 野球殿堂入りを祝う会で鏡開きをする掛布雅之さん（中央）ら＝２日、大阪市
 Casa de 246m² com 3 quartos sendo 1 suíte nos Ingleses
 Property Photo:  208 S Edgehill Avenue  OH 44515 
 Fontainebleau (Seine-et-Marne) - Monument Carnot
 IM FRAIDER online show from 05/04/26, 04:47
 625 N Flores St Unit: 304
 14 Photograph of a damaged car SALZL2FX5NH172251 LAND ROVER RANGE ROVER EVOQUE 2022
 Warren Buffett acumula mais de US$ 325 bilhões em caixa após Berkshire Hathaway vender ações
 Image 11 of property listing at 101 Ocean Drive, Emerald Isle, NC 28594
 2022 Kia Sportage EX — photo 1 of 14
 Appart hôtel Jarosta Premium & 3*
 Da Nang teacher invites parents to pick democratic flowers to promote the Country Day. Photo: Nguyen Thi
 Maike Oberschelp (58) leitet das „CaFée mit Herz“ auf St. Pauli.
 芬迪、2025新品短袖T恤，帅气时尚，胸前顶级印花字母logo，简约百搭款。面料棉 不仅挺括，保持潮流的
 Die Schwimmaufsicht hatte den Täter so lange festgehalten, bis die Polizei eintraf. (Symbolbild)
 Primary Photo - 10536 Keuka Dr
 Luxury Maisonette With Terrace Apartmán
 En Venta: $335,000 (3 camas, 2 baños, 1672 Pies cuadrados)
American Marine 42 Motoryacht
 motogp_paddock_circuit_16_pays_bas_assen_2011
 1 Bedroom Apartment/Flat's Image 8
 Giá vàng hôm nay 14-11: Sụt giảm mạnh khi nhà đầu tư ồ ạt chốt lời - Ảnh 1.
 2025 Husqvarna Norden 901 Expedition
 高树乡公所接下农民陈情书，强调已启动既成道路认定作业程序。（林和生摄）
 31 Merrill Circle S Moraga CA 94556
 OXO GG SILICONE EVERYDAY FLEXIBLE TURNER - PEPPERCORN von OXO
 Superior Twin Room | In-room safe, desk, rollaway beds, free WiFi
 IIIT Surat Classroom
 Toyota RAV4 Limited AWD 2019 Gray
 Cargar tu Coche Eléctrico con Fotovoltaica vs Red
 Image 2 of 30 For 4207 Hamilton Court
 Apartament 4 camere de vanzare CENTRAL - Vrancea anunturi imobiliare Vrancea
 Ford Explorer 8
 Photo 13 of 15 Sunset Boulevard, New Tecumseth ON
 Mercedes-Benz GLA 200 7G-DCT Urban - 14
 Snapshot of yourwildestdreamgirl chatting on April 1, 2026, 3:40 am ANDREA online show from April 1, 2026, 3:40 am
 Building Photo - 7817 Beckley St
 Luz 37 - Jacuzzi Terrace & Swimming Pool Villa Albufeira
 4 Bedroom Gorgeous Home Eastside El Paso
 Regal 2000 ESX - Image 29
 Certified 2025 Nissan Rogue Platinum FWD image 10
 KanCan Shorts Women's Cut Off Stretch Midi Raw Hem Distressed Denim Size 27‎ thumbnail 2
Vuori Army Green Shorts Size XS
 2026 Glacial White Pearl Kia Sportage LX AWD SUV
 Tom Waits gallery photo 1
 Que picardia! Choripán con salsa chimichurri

===

Required action
Please print, unchanged, the lines from the one holding "KanCan Shorts Women's" through the last line of the listing above, including both and omitting the rest.

Your response
 KanCan Shorts Women's Cut Off Stretch Midi Raw Hem Distressed Denim Size 27‎ thumbnail 2
Vuori Army Green Shorts Size XS
 2026 Glacial White Pearl Kia Sportage LX AWD SUV
 Tom Waits gallery photo 1
 Que picardia! Choripán con salsa chimichurri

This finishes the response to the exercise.